Hádkovi (2022)

Hadkovi-2022
Hádkovi (2022)

Movie Details

Movie: Hádkovi (2022)
Director: Vojtěch Moravec
Cast: Sandra Nováková, Jakub Prachar and Jitka Cvancarová
Genres: Documentary/Romance
Release date: 14 July 2022
IMDB Rating: 5.7/10
Languages: Czech
Duration: 1h 35m

Trailer

Hádkovi (2022)

Synopsis

If you read Thomas’s regular reports on domestic sales, you know very well that Czech films are not having an easy time in cinemas this year. It is quite difficult for them to find viewers, regardless of their qualities. Next up is Hádkovi, whose trailers beckoned for a good portion of classic Czech wildly playful. But those who expected a surface broad comedy with popular humor may be pleasantly surprised. After Mothers, Vojtěch Moravec serves us a surprisingly well-functioning satire taking over the imaginary baton from the Owners and letting us peek behind the curtain of a typical Czech family as a social phenomenon where nothing is as it should be.

A death in the family is usually a sad thing. However, when it comes to dividing the property, emotions go aside, because we don’t let ourselves be robbed, do we?
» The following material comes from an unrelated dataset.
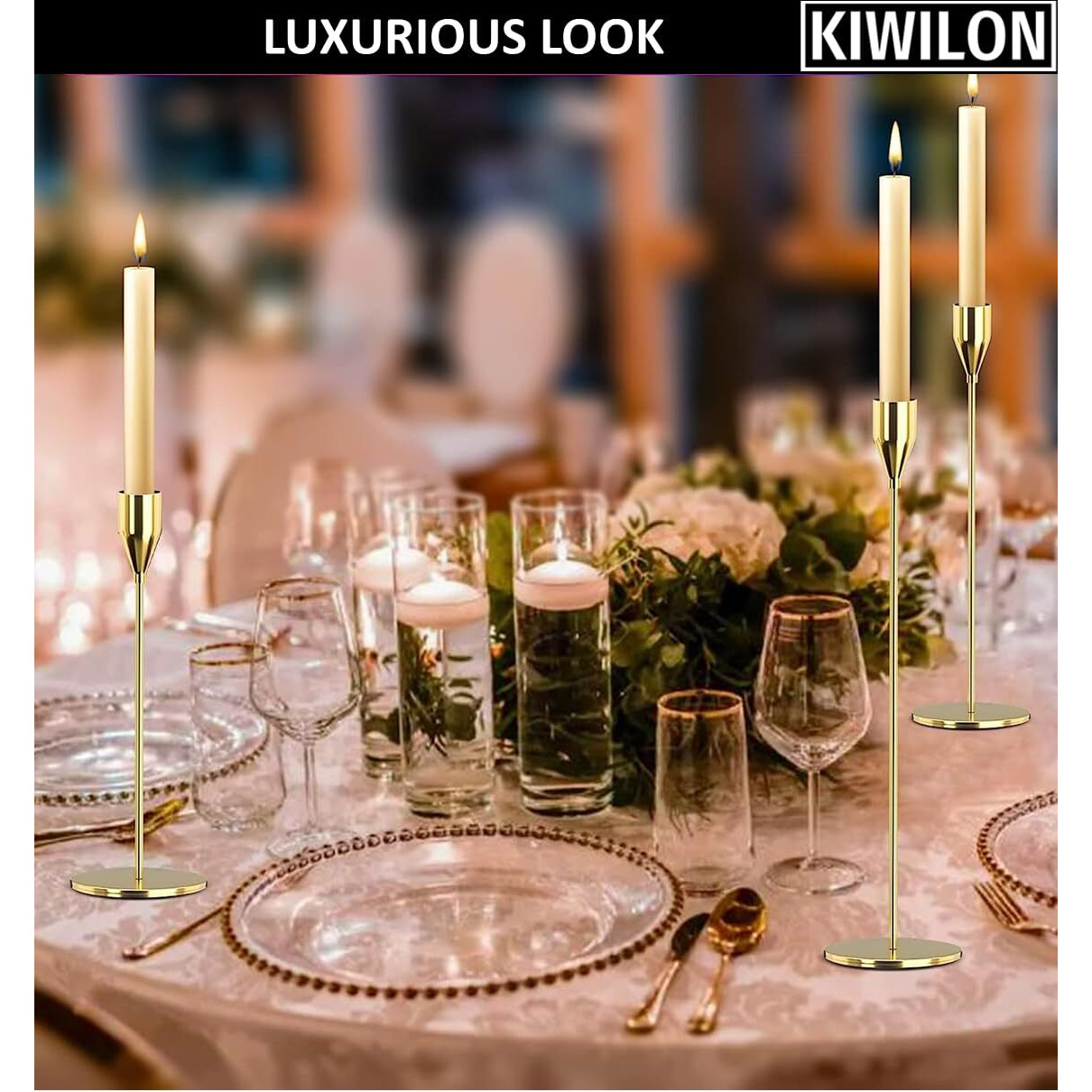 Kiwilon 3-in-1 Candle Holders - Gold | Golden Candle Stick Stand for Home Decoration | Ideal for Taper Candles, Candelabra | Fits 3/4 inch Thick Candles | Easy to Assemble & Elegant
At that moment, family relationships begin to strain as if on a tightrope, and ancient grievances surface, all sorts of petty disputes and cruel arguments. And Hádkovi is about you above all. If you’ve ever gotten into a real fight with someone, you may have realized in retrospect how complicated situations arise during arguments and how many shells the conflicts have, with logical arguments running out relatively quickly and being replaced by the unconventional shells of irrationality and improvisation. “I don’t want to argue,” claims Jakub Prachař in one scene, and this sentence should be carved in stone because it will probably be heard in every argument.
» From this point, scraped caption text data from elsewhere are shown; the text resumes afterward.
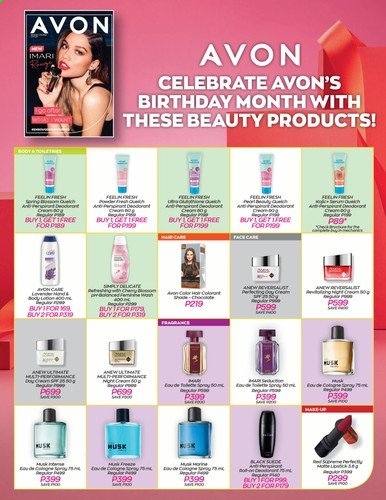 thumbnail - Avon offer  - 1.8.2021 - 31.8.2021 - Sales products - Avon, Anew, cologne, Imari, makeup. Page 1.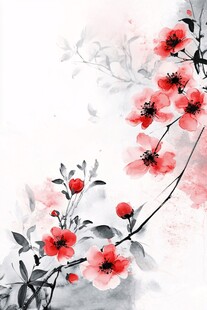 红花水墨画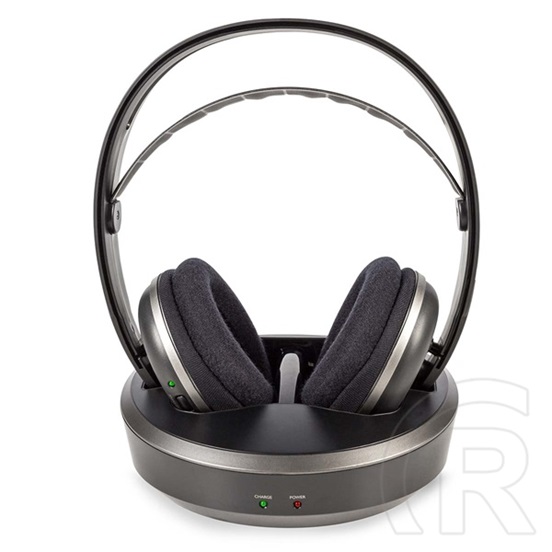 Nedis HPRF210BK rádiófrekvenciás vezeték nélküli fejhallgató (863-865 MHz, 40 mm, USB-C töltés, 11 óra üzemidő, 100 m ha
Vojtěch Moravec and Sandra Nováková serve us a scenario that could become a textbook on the anatomy of arguments as such. Two married couples, four skinny ancestors of human creatures. A beauty without an intellect (the natural Sandra Nováková), a distinguished slipper (the believable Jakub Prachař), a frightened market woman (the great Jitka Čvančarová), and a silent offender (the classic Hynek Čermák). All the characters are drawn, maybe a little cheesy, but since the prelude is limited to only a few scenes before the heavy cannonry of human intolerance comes in, it doesn’t hurt. Because the film has a damn great measure, and in the crossfire it throws one argument after another in the style of all against all. And when it starts to seem that things can’t escalate any further, the authors shift into a higher gear.
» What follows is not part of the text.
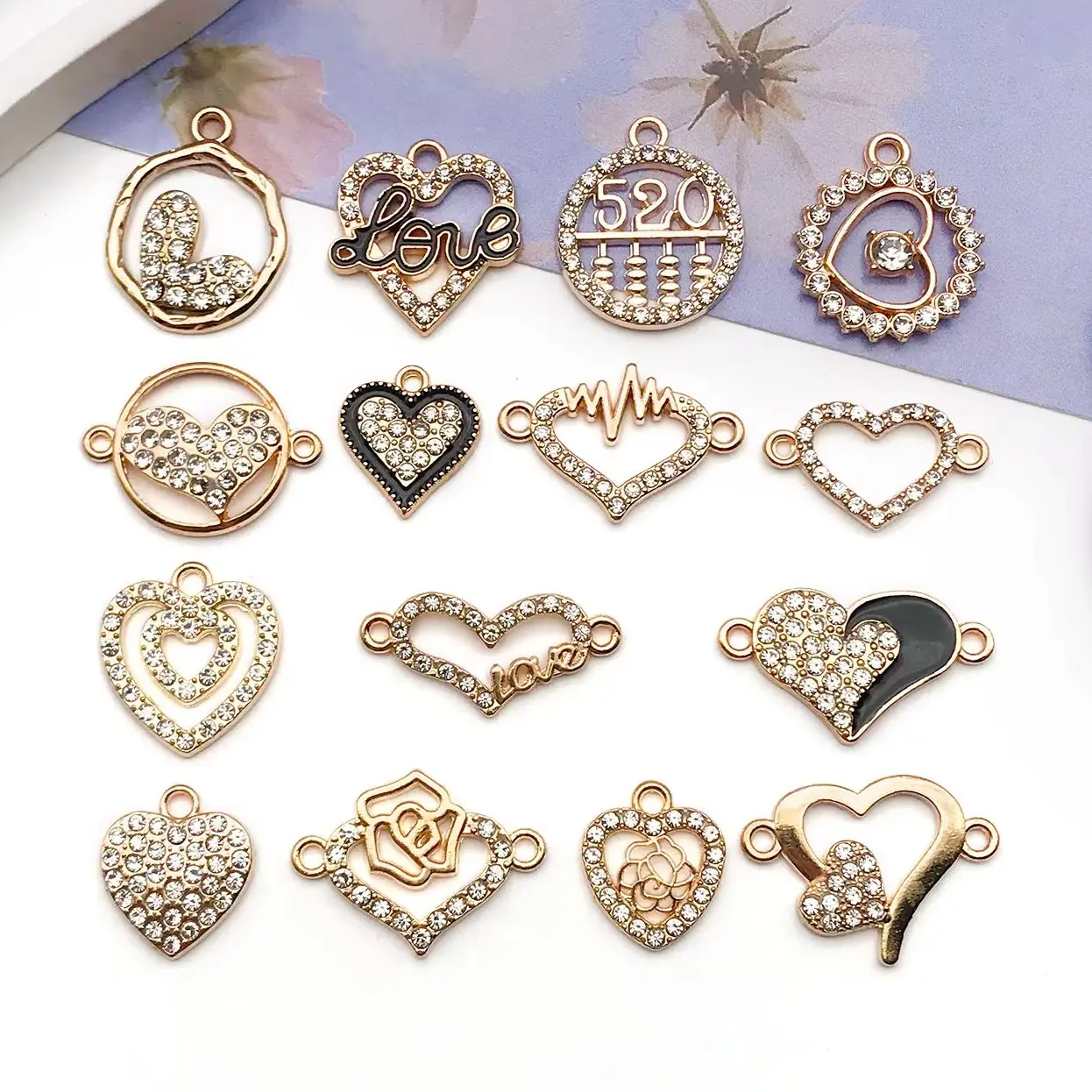 5/15pcs Dot Diamond Heart Double Hanging Chams Pendant Bracelet Connector DIY Discovery Jewelry Accessories Handmade Crafts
At the same time, the whole plot takes place in a few rooms of a small block of flats, where an almost fabulous battle unfolds, charged with the emotions of desperate little Czech people who want nothing more than a little respect and recognition. And a third of the apartment, of course. Fortunately, the camera copes well with the confined space and looks at the family rampage from very interesting angles with an eye for detail. The paneled tragedy of the every day is served to the viewer as an autopsy of interpersonal relationships, where each argument reveals one social layer of the family’s torso. The realism of the ongoing emotions is also underlined by small details from housing estate life, such as sounds from the neighbors, a bulletin board with a schedule of services, or the very furnishings of the apartment, which the grandfather was looking forward to visiting his grandchildren until recently.

As the absurdity of family misery gradually deepens, the consumption of alcohol and the bloodiness of individual clashes in the alleys of interpersonal relationships also begin to rise. No one takes any napkins anymore, there is no time for consideration, and when even the most pathetic arguments run out (“This is not about the truth at all!”), it’s time for slaps. Everything is accompanied by the ironic musical subtext of Ondřej Gregor Brzobohatý, which, together with the plot, leads to a horrible finale of a mass fight. At the very end, the father, played by Ondřej Pavelka, tries for a kinder face and reconciliation, but his heart-rending speech does not change the nature of the family members. There is no relief, one moves on.

If the film groans somewhere, it is the occasional unnecessary mistakes in the logic of the characters’ behavior and missteps against the sketched characters. To some, it might all seem too absurd and artificially overstated, but I dare say that this is the point – to adjust the mirrors. To show that there is a piece of Argument in each of us.